=== Entries supplied ===

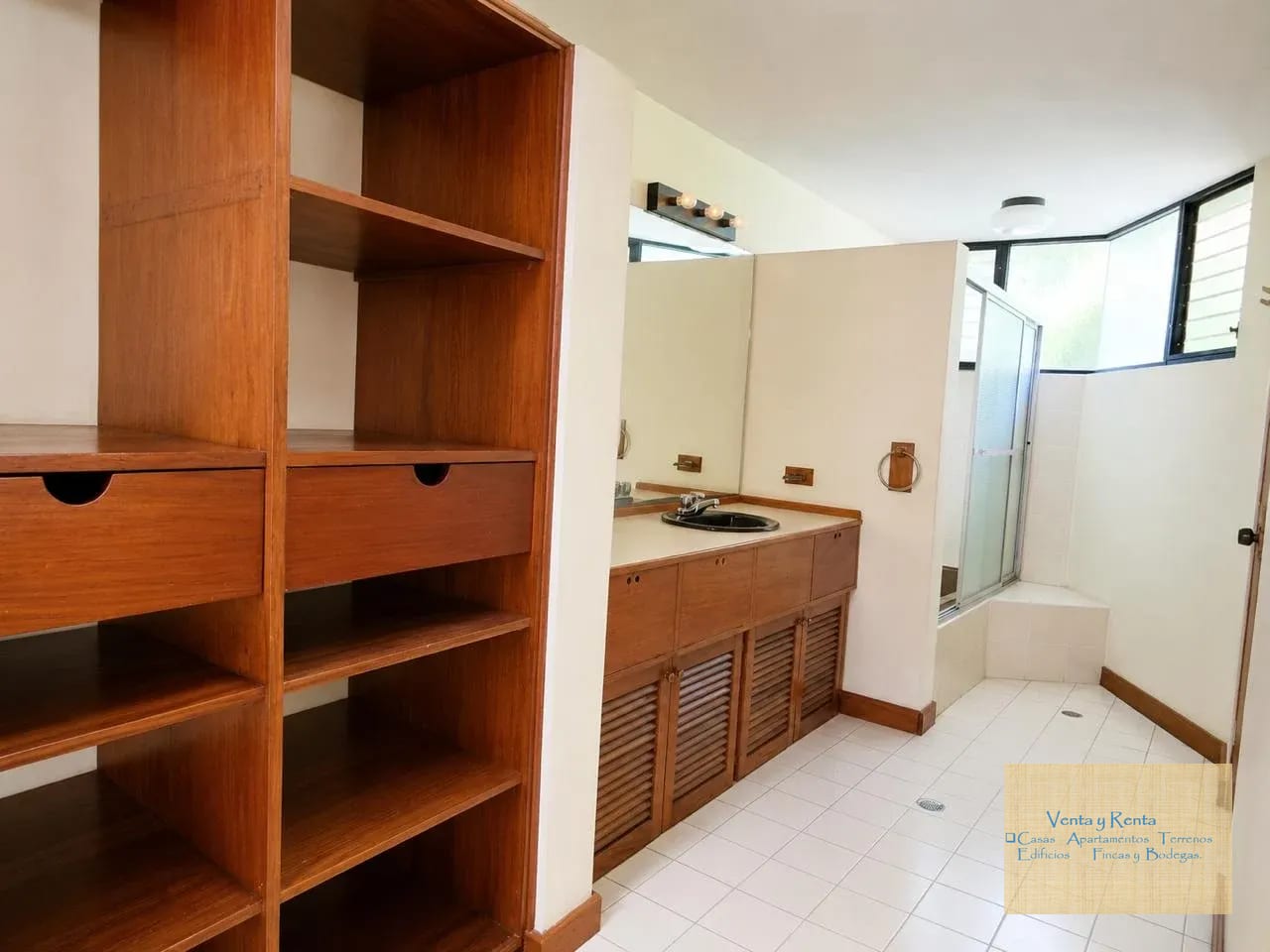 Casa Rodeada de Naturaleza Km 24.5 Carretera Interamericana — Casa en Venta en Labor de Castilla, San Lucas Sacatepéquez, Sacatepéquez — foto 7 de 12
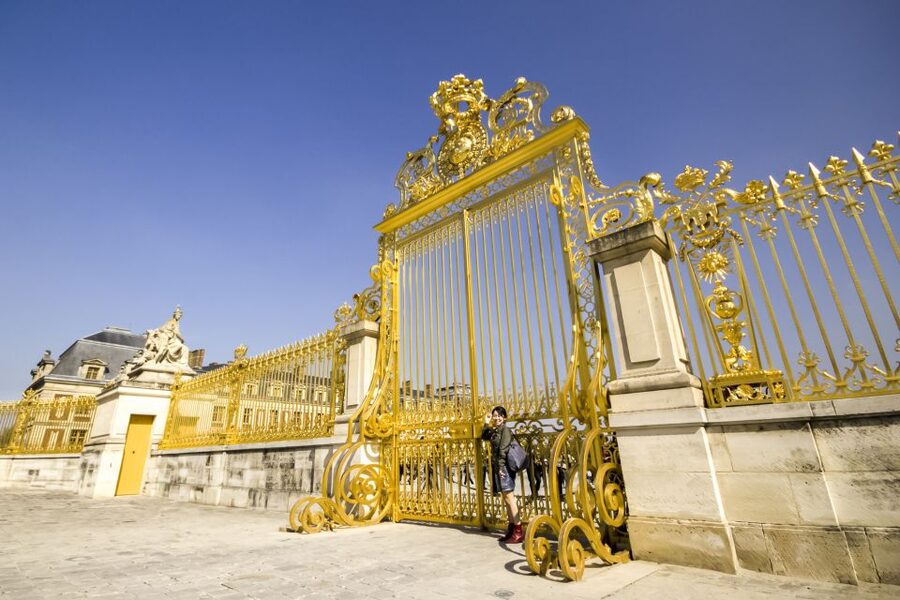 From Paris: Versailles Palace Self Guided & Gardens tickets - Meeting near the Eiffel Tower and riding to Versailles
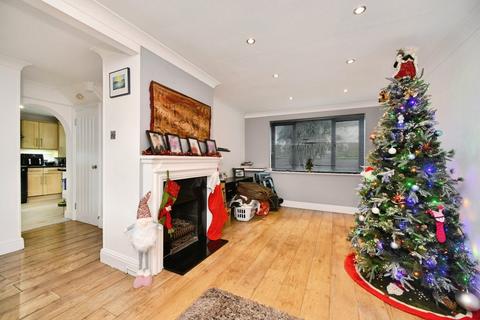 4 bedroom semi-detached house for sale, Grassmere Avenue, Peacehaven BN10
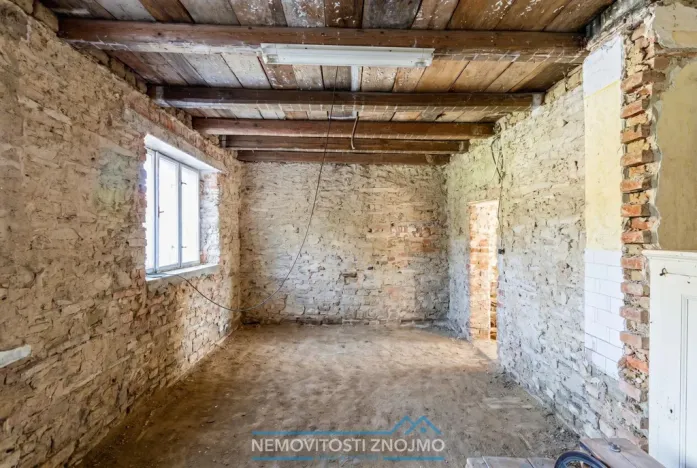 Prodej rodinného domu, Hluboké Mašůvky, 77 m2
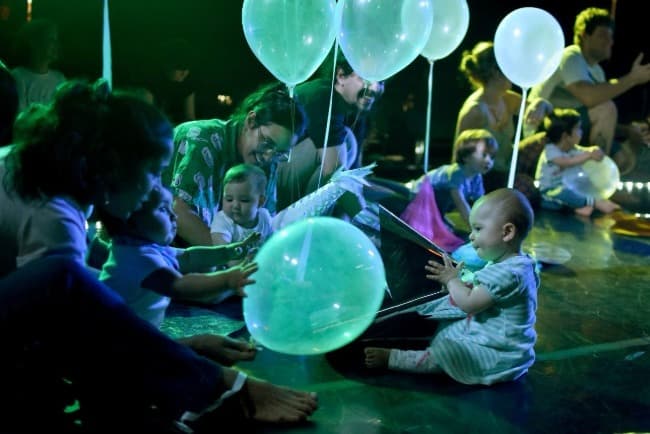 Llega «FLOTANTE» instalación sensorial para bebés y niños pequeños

===

* What needs to be done *
The lines from the one containing "Prodej rodinného domu, Hluboké" through the last line above are to be repeated exactly, and only those. Any pictures must be left out.

* Task output *
 Prodej rodinného domu, Hluboké Mašůvky, 77 m2
 Llega «FLOTANTE» instalación sensorial para bebés y niños pequeños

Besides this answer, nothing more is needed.